The reason Republicans are losing standing with the California electorate, Seiler argues is that:
The party was poisoned for seven years by the far-left policies of Gov. Arnold Schwarzenegger, who took his marching orders from his wife, Maria Shriver, a top-level Democrat from the Kennedy Royal Democratic Family. That was enough to dissuade anyone, Latino or not, from becoming an elephant.
But attacking Schwarzenegger as a Shriver tool is just Seiler’s Loony Tunes warm-up. He goes on to attack practically every major-office candidate the Republicans have run for decades: Dan Lungren, Carly Fiorina, Bill Jones, Matt Fong, John Seymour, Michael Huffington, Tom Campbell, Dick Mountjoy and Meg Whitman – all of whom were either inept, liberal or both.
Seiler spends a lot of time defending the GOP’s stances on English-only (with special emphasis on Canada), a border fence, opposition to higher education for Latino children, and stop-and-question laws (which he seems to oppose on libertarian grounds). But on the central issue raised by Calbuzz – and which lies at the heart of the matter for concerned GOP strategists – a path to citizenship, Seiler has little to say.

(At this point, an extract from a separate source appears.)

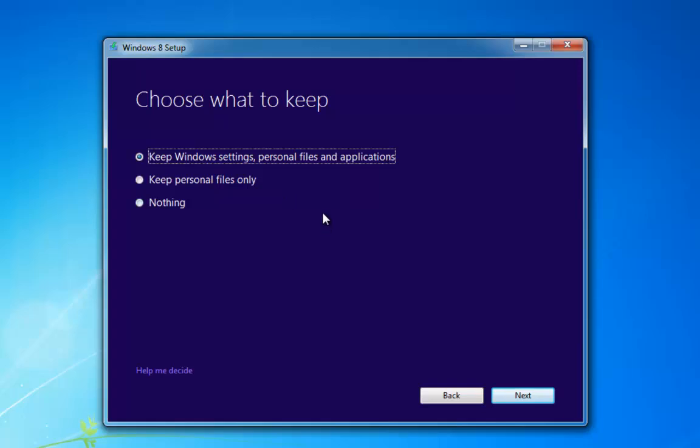This is where we get the choice of what we're going to keep on the computer. The first choice is keep Windows settings, personal files and applications — this will update with everything in place and you won't have to reinstall any applications as long as they're compatible with Windows 8 Pro. The second option is to keep personal files only, so it's going to delete any installed programs but leave things such as photos, music, and favourites, as long as they're in their default folders on Windows 7. Make sure they are where Windows likes them — if they're not, just back your files up; it's the safest way to do it.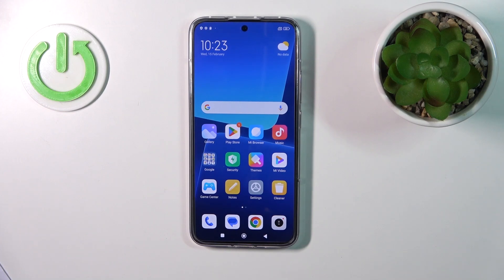Hi, today I'm from TheFix for Xiaomi 13 and I'll show you how to create home screen folders on this device.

CalBuzz: “no path to citizenship for the undocumented.” This is the same problem. The U.S. Census Department just reported that from 2006 to 2010, just four years, median incomes crashed in California by a shocking 9 percent. Unemployment remains stuck at 12.1 percent and rising.
With citizens unable to find decent work with good pay, is it surprising that the unemployed and under-employed don’t want more new citizens competing with them for vanishing jobs?
This, obviously, is no response at all – just another dimwit sidestep – leaving unanswered our point that until Republicans offer a means for the undocumented to become legalized, Latinos simply won’t hear any other message the GOP tries to convey.
“I like to be up front with my readers. The fact is that the future is pretty bleak for both America and, especially, California,” Seiler writes. “Stu Spencer was part of the Reagan Revolution. But things are so much different than 31 years ago.”
This is not only NOT up front – since he buried Spencer and never mentioned his advice – but it’s incoherent because Seiler doesn’t deal with the challenges facing the California Republican Party, rather he outlines his rambling apocalyptic vision:
We now have a bipartisan $16 trillion federal deficit, and $1.5 trillion annual deficits. The “Communist” Chinese now are capitalist and are breathing down our necks economically. Their economy soon will surpass ours. California is mired in a la-la land of thinking that our tiny 1 percent of the global economy somehow can be re-engineered to end global warming — excuse me, the new euphemism is “climate change” — just by destroying our own economy. Even as the evidence keeps showing that global warming, if it even exists, is not caused by humans.
Finally, Seiler is unable to contain his inner Orval Faubus:
“Seen in that context, the problem of Republicans attracting more Latino members is rather small tacos,” he writes.
There you go, that’s a smart approach for attracting Latinos to the Republican Party – suggest they represent little more than 99 cents at Taco Bell.
As we said, if we were partisan Democrats, we’d urge Republicans to throw in with this kind of thinking. But we’re not. And we hope they don’t.